BEGIN Data section
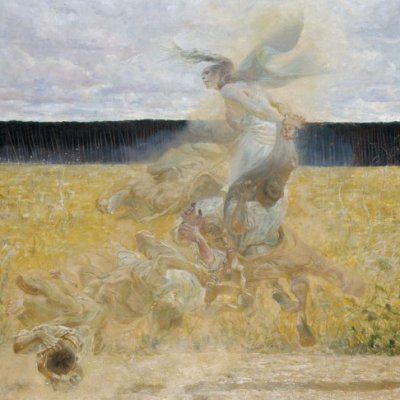 Dans le tourbillon (W Tumanie) - Jacek Malczewski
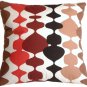 Lava Lamp Red 20x20 Throw Pillow, Complete with Pillow Insert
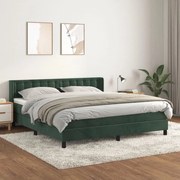 ΚΡΕΒΑΤΙ BOXSPRING ΜΕ ΣΤΡΩΜΑ ΣΚΟΥΡΟ ΠΡΑΣΙΝΟ 180X200ΕΚ. ΒΕΛΟΥΔΙΝΟ 3131216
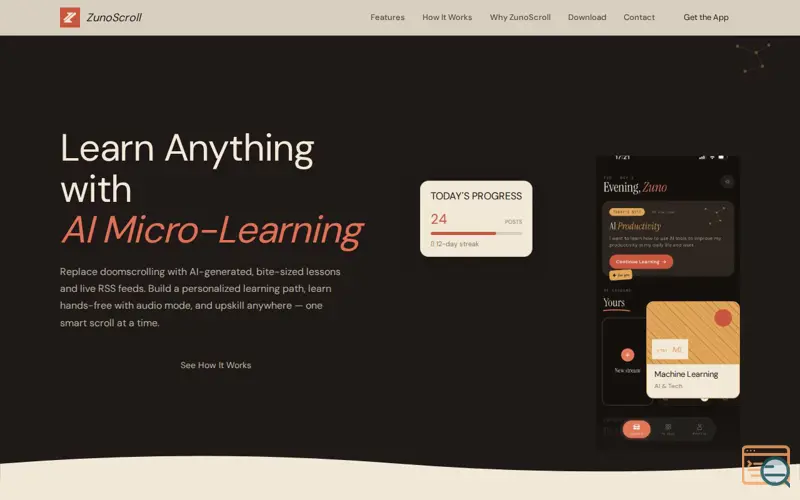 Screenshot of ZunoScroll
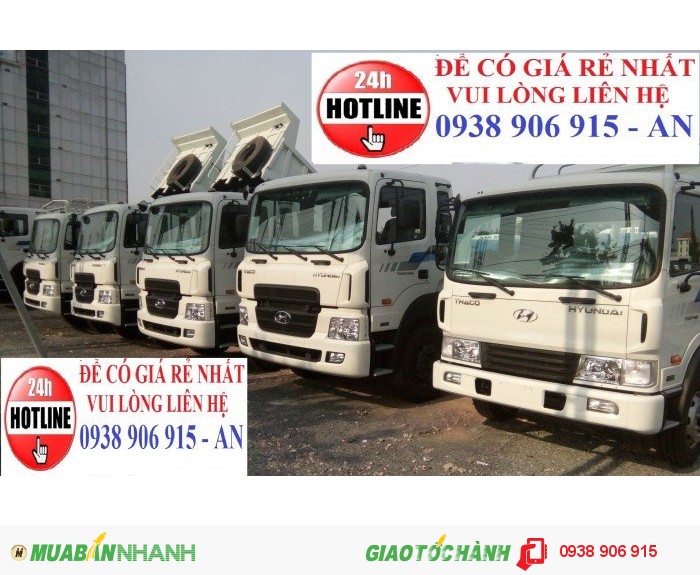 Xe Ben 15 tấn Huyndai HD270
END Data section
Your assignment
Print all of the data exactly, and do not carry over any pictures.

Task solution
 Dans le tourbillon (W Tumanie) - Jacek Malczewski
 Lava Lamp Red 20x20 Throw Pillow, Complete with Pillow Insert
 ΚΡΕΒΑΤΙ BOXSPRING ΜΕ ΣΤΡΩΜΑ ΣΚΟΥΡΟ ΠΡΑΣΙΝΟ 180X200ΕΚ. ΒΕΛΟΥΔΙΝΟ 3131216
 Screenshot of ZunoScroll
 Xe Ben 15 tấn Huyndai HD270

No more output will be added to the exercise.